ECCCos from the Black Box. Faithful model explanations through… | by Patrick Altmeyer

Faithful model explanations through energy-based conformal counterfactuals

Counterfactual explanations offer an intuitive and straightforward way to explain opaque machine learning (ML) models. They work under the premise of perturbing inputs to achieve a desired change in the predicted output.

If you have not heard about counterfactual explanations before, feel free to also check out my introductory posts: 1) Individual Recourse for Black Box Models and 2) A new tool for explainable AI.

There are typically many ways to achieve this, in other words, many different counterfactuals may yield the same desired outcome. A key challenge for researchers has therefore been to, firstly, define certain desirable characteristics of counterfactual explanations and, secondly, come up with efficient ways to achieve them.
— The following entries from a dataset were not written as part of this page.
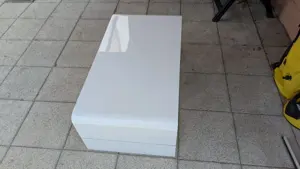 Beistelltich oder Wohnzimmertisch weis mit Glasplatte Bild 3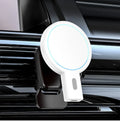 White and black mobile magnetic wireless charger with compact dimensions and charging cable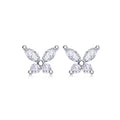 Cloverette Moissanite Cluster Stud Earrings in Sterling Silver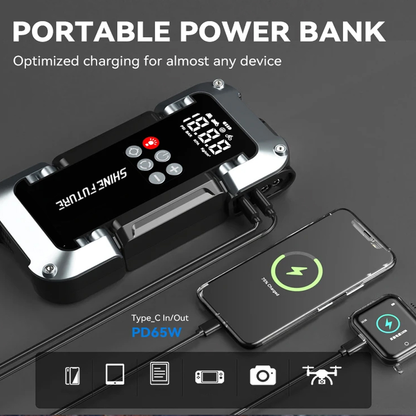 Portable Jump Starter Kit 4000A Peak 6-in-1 Battery Booster with Tire Inflator Power Bank Lithium for Garden, Patio and Yard Use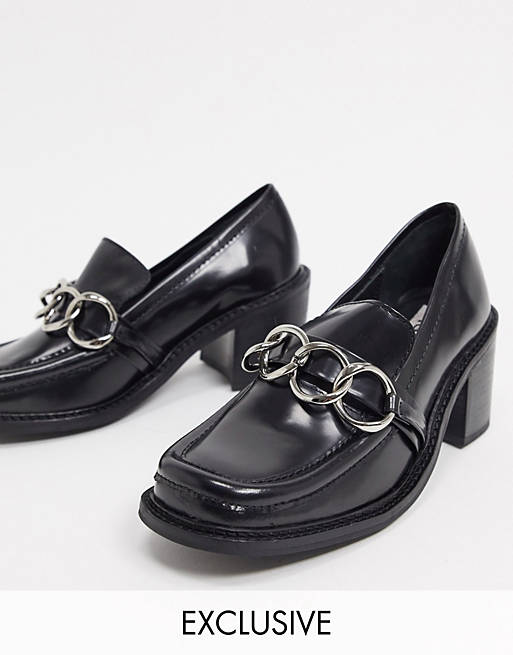 Women ASRA Exclusive Glaze heeled loafers with metal trim in black leather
One of the most important and studied characteristics of counterfactual explanations is ‘plausibility’: explanations should look realistic to humans. Plausibility is positively associated with actionability, robustness (Artelt et al. 2021) and causal validity (Mahajan, Tan, and Sharma 2020). To achieve plausibility, many existing approaches rely on surrogate models. This is straightforward but it also convolutes things further: it essentially reallocates the task of learning plausible explanations for the data from the model itself to the surrogate.

In our AAAI 2024 paper, Faithful Model Explanations through Energy-Based Conformal Counterfactuals (ECCCo), we propose that we should not only look for explanations that please us but rather focus on generating counterfactuals that faithfully explain model behavior. It turns out that we can achieve both faithfulness and plausibility by relying solely on the model itself, leveraging recent advances in energy-based modelling and conformal prediction. We support this claim through extensive empirical studies and believe that ECCCo opens avenues for researchers and practitioners seeking tools to better distinguish trustworthy from unreliable models.

This is a companion post to our recent AAAI 2024 paper co-authored with Mojtaba Farmanbar, Arie van Deursen and Cynthia C. S. Liem. The paper is a more formal and detailed treatment of the topic and is available here. This post is intentionally free of technical details, maths or code. It is meant to provide a high-level overview of the paper.